ENTRIES SHOWN:
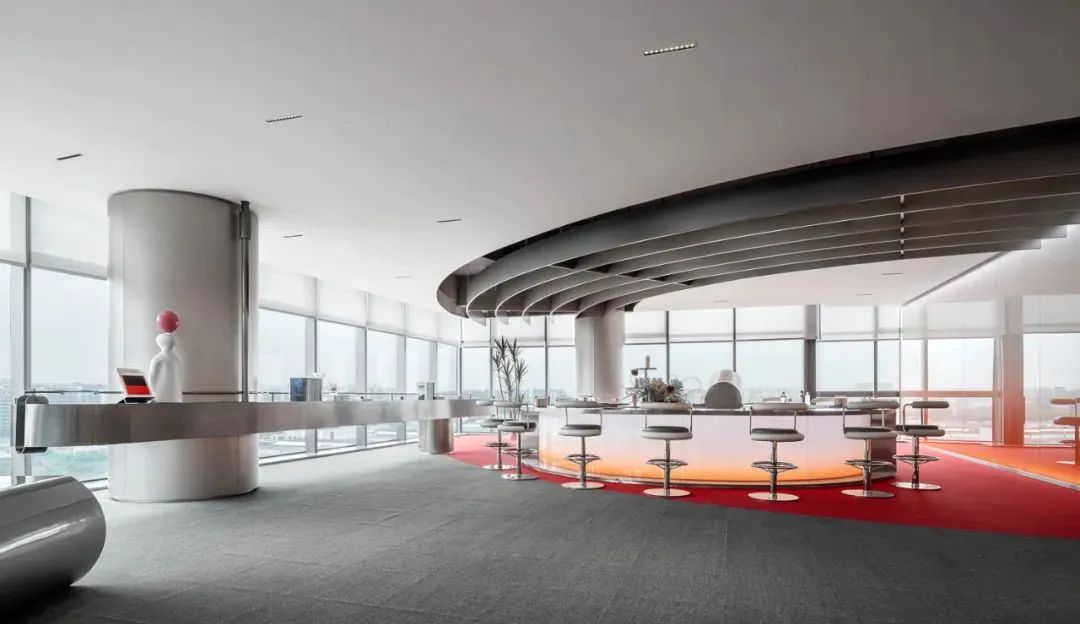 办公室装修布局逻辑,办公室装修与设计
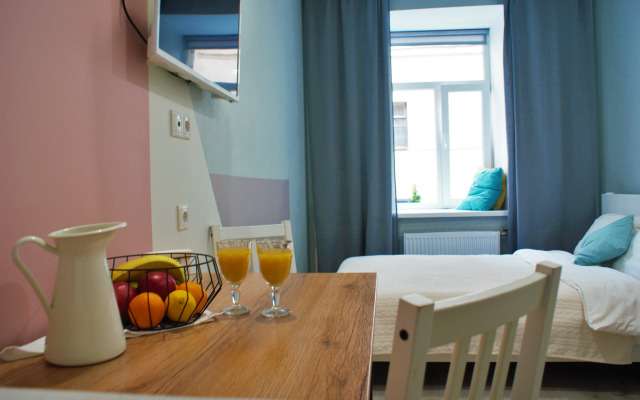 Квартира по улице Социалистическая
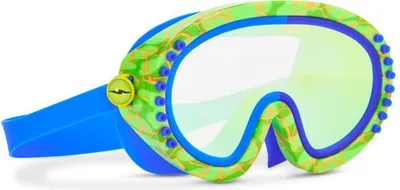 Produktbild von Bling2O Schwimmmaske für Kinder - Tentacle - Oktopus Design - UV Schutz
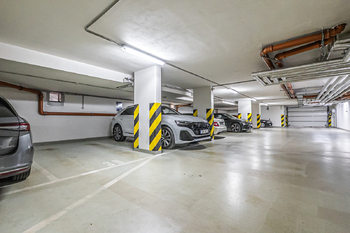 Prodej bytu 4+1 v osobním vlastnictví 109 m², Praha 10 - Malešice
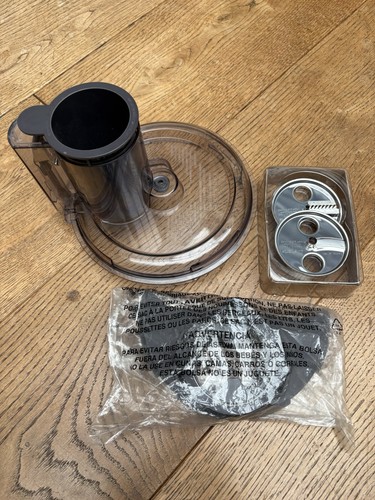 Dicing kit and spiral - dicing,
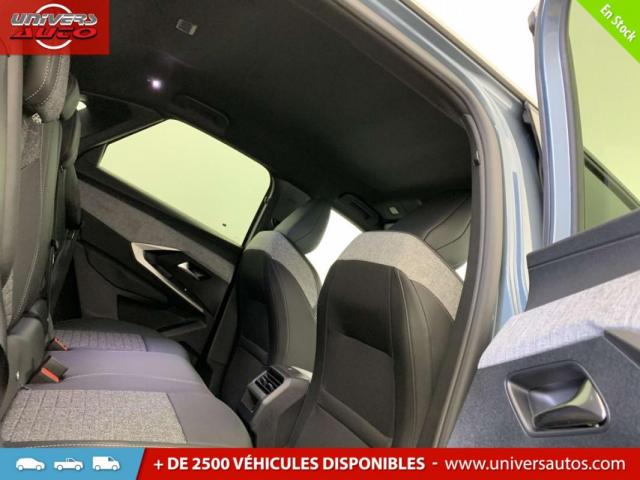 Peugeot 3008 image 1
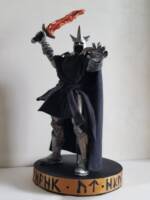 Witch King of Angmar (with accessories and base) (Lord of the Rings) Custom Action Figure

WHAT THIS TASK INVOLVES: Repeat the data above exactly, but not the pictures.

PROBLEM SOLUTION:
 办公室装修布局逻辑,办公室装修与设计
 Квартира по улице Социалистическая
 Produktbild von Bling2O Schwimmmaske für Kinder - Tentacle - Oktopus Design - UV Schutz
 Prodej bytu 4+1 v osobním vlastnictví 109 m², Praha 10 - Malešice
 Dicing kit and spiral - dicing,
 Peugeot 3008 image 1
 Witch King of Angmar (with accessories and base) (Lord of the Rings) Custom Action Figure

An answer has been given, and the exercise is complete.